If you have ever been to a Jewish wedding, you know that sooner or later the ominous notes of Hava Nagila will sound, and you will be expected to dance the hora. And if you don't really know how to dance the hora, you will nevertheless be compelled to join hands with others, stumble around in a circle, give little kicks and pretend to enjoy yourself, all the while wondering if there's a word in Yiddish that means "one who stares pathetically at the feet of others because one is still trying to figure out how to dance the hora."
I am pleased and relieved to report that my flailing days are through. This month, in a freewheeling symposium at the University of Michigan on the evolutionary value of art and why we humans spend so much time at it, a number of the presenters supplemented their standard PowerPoint presentations with hands-on activities. Some members of the audience might have liked folding the origami boxes or scrawling messages on the floor, but for me the high point came when a neurobiologist taught us how to dance the hora. As we stepped together in klezmeric, well-schooled synchrony, I felt free and exhilarated. I felt competent and loved. I felt like calling my mother. I felt, it seems, just as a dancing body should.
Pleasure and purpose
In the main presentation at the conference, Ellen Dissanayake, an independent scholar affiliated with the University of Washington, Seattle, offered her sweeping thesis of the evolution of art, nimbly blending familiar themes with the radically new. By her reckoning, the artistic impulse is a human birthright, a trait so ancient, universal and persistent that it is almost surely innate.

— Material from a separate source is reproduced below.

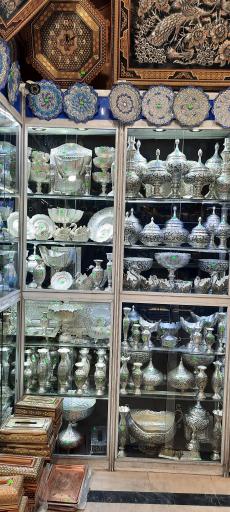 عکس فروشگاه صنایع دستی نصف جهان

But while some researchers have suggested that our artiness arose accidentally, as a by-product of large brains that evolved to solve problems and were easily bored, Dissanayake argues that the creative drive has all the earmarks of being an adaptation on its own. The making of art consumes enormous amounts of time and resources, she observed, an extravagance you wouldn't expect of an evolutionary afterthought. Art also gives us pleasure, she said, and activities that feel good tend to be those that evolution deems too important to leave to chance.
What might that deep-seated purpose of art-making be? Geoffrey Miller and other theorists have proposed that art serves as a sexual display, a means of flaunting one's talented palette of genes. Again, Dissanayake has other ideas. To contemporary Westerners, she said, art may seem detached from the real world, an elite stage on which proud peacocks and designated visionaries may well compete for high stakes. But among traditional cultures and throughout most of human history, she said, art has also been a profoundly communal affair, of harvest dances, religious pageants, quilting bees, the passionate town rivalries that gave us the spires of Chartres, Reims and Amiens.
A rallying point
Art, she and others have proposed, did not arise to spotlight the few, but rather to summon the many to come join the parade - a proposal not surprisingly shared by our hora teacher, Steven Brown of Simon Fraser University. Through singing, dancing, painting, telling fables of neurotic mobsters who visit psychiatrists, and otherwise engaging in what Dissanayake calls "artifying," people can be quickly and ebulliently drawn together, and even strangers persuaded to treat one another as kin. Through the harmonic magic of art, the relative weakness of the individual can be traded up for the strength of the hive, cohered into a social unit ready to take on the world.